Heidi Howard (b. 1986, New York, NY) has exhibited her work at Nancy Margolis Gallery, New York, NY (2017, 2016, 2015) Gaa Gallery, Provincetown, MA and Cologne, Germany (2018, 2017), The Hunterdon Museum of Art, Clinton, NJ (2017), James Cohan Gallery, New York, NY (2016) and many more. She been an artist in residence at Palazzo Monti (2018), Byrdcliffe (2014) and the Vermont Studio Center (2011). She lives and works between Amsterdam, The Netherlands and Queens, New York. Her collaborative installation with her mother the interactive sound sculptor Liz Phillips, Relative Fields in a Garden, will be on view at the Queens Museum until August 2019.

Was there a specific faculty member or peer who especially inspired you while at the School of the Arts? If so, who and how?

When I came to School of the Arts I spent a lot of time alone looking at art. The artists I met are now a part of my daily life, including my partner Esteban Cabeza de Baca ‘14.  It was important for me to be able to have conversations with a lot of the women whose work I had admired from afar for years: Josephine Halvorson ‘07Sarah Sze, Patricia Trieb, Chitra Ganesh ‘02, Nicole Eisenman, Elizabeth Peyton, Susanna Coffey, Cecily Brown, Mary Heilman, Charlyne von Heyl, Dana Schutz ‘02, Rineke Djikstra, Kara Walker, Valerie Hammond, Kiki Smith, and Joan Jonas ‘65. It was an opportunity overload. I had a lot of panic attacks. I also gained the confidence to be a professional artist, to feel like I was a part of an amazing community that had something to say about the world. I have a strong vision but I am also constantly plagued with doubt. I think many artists experience this anxiety. Art is about really digging into the grey areas and into your imagination. When I need to feel grounded I reach out to artists whose work I admire. I learned how to do this at the School of the Arts.

What were the first steps you took after graduating? 

I got a studio. I was trying to follow in the footsteps of my classmate Lauren Silva ‘13. She had come to the studio to model for me over winter break and was just piecing things together, doing lots of part-time jobs and still making time to be in the studio and make huge crazy paintings. She was having her first show with Zeiher Smith that January 2014. I planned the same sort of the thing, having a show of large paintings with Nancy Margolis Gallery in January 2015 after graduating in May 2014. It seemed like a dream to get to fill a ground floor gallery in Chelsea with my work.

What advice would you give to recent graduates? 

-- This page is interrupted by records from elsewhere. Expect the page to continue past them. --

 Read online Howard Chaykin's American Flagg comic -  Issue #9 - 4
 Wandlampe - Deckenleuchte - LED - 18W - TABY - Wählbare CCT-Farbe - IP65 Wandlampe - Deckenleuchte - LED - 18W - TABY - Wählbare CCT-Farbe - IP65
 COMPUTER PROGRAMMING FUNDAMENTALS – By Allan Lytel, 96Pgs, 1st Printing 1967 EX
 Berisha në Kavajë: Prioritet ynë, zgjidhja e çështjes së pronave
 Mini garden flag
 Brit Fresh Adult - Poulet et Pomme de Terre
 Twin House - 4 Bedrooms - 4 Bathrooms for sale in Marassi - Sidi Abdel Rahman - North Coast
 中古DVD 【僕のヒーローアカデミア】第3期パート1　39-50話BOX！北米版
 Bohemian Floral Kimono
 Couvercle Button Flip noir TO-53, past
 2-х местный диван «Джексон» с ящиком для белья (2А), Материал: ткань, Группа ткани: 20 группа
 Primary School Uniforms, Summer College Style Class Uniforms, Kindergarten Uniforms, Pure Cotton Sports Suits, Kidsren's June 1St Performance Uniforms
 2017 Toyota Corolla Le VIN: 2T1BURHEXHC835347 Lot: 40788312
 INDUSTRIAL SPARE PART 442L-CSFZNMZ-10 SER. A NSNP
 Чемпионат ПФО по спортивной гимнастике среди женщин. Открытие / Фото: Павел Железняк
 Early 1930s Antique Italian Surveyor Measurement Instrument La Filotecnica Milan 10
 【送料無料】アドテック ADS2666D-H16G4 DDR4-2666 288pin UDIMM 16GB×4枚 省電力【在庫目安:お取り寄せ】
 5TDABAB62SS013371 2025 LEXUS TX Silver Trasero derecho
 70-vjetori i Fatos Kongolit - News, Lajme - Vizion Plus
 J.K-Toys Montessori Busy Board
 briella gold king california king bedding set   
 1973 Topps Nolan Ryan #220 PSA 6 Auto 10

See the opportunities your peers are getting as advantages. I want to be an artist for the rest of my life. Most of the time since I graduated I have been struggling to survive, to afford rent and a studio. Sometimes it has not been possible. Maintaining focus on what could be possible rather than missed opportunities has allowed me to build relationships that are supportive and has helped me find solutions to artistic and practical problems.